【柳家紫文著、海竜社発行】
著者柳家紫文は三味線演奏家として歌舞伎座などに出演後、1995年に柳家紫朝に弟子入りし演芸に転向。その傍ら、全国各地で都々逸講座を開くなど都々逸の普及に努めてきた。著書に『紫文式 都々逸のススメ』など。都々逸の基本形は「七・七・七・五」。江戸時代の終わりに都々逸坊扇歌という芸人が寄席ではやらせたため「都々逸」と呼ばれるようになったという。
「立てば芍薬 座れば牡丹 歩く姿は 百合の花」。最初に出てきたのがこの有名な文句。えっ、これが都々逸? 続いて「ざんぎり頭を 叩いてみれば 文明開花の 音がする」。少し遠い存在のように思えていた都々逸が、意外と身近なことにびっくり。「人生の機微が乙に洒脱に『二十六文字』の中に表されており、そのエッセンスは現代を生きる私たちも深く共感し思わずうなずいてしまうものばかりです」(『はじめに』から)。

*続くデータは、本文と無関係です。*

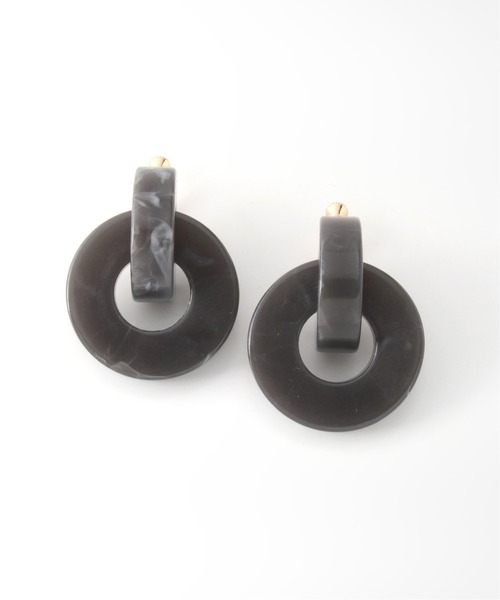 SLOBE IENA（スローブイエナ）の「SLOBE アクリルリングイヤリング◆（イヤリング・レディース・ブラック/ベージュ/オレンジ・FREE）」の2枚目の写真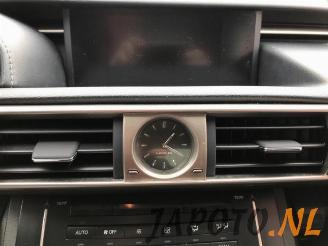 Lexus IS  picture 13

序章「知っておきたい名作都々逸」のトップバッターは「惚れた数から 振られた数を 引けば女房が 残るだけ」。続く「三千世界の 鴉(からす)を殺し 主(ぬし)と朝寝が してみたい」はあの高杉晋作の作とか。1~4章から印象に残ったものを以下に列挙――。「ガキの頃から イロハを習い ハの字を忘れて イロばかり」「三味線の 三の糸ほど 苦労をさせて いまさら切るとは ばちあたり」「こぼれ松葉を あれ見やしゃんせ 枯れて落ちても 二人連れ」「案ずるな 炊事洗濯 それだけできりゃ きっと見つかる 婿の口」「親の意見と なすびの花は 千にひとつの 無駄もない」
各章の間に「コラム」を挟む。それによると「全国の民謡の80%以上は七・七・七・五で都々逸と同じ」とか。歌謡曲にも多いとして、「リンゴの唄」「無法松の一生」「高校三年生」などを挙げる。落語の中に登場するのは「医者の頭に 雀がとまる とまるはずだよ ヤブじゃもの」「落語家殺すにゃ 刃物はいらぬ あくび一つで 即死する」などなど。最後のコラムは「寅さんだって、七・七・七・五」。フーテンの寅さんの口上は「けっこう毛だらけ 猫灰だらけ 尻のまわりは クソだらけ たいしたもんだよ 蛙の小便 見上げたもんだよ 屋根屋の褌……」。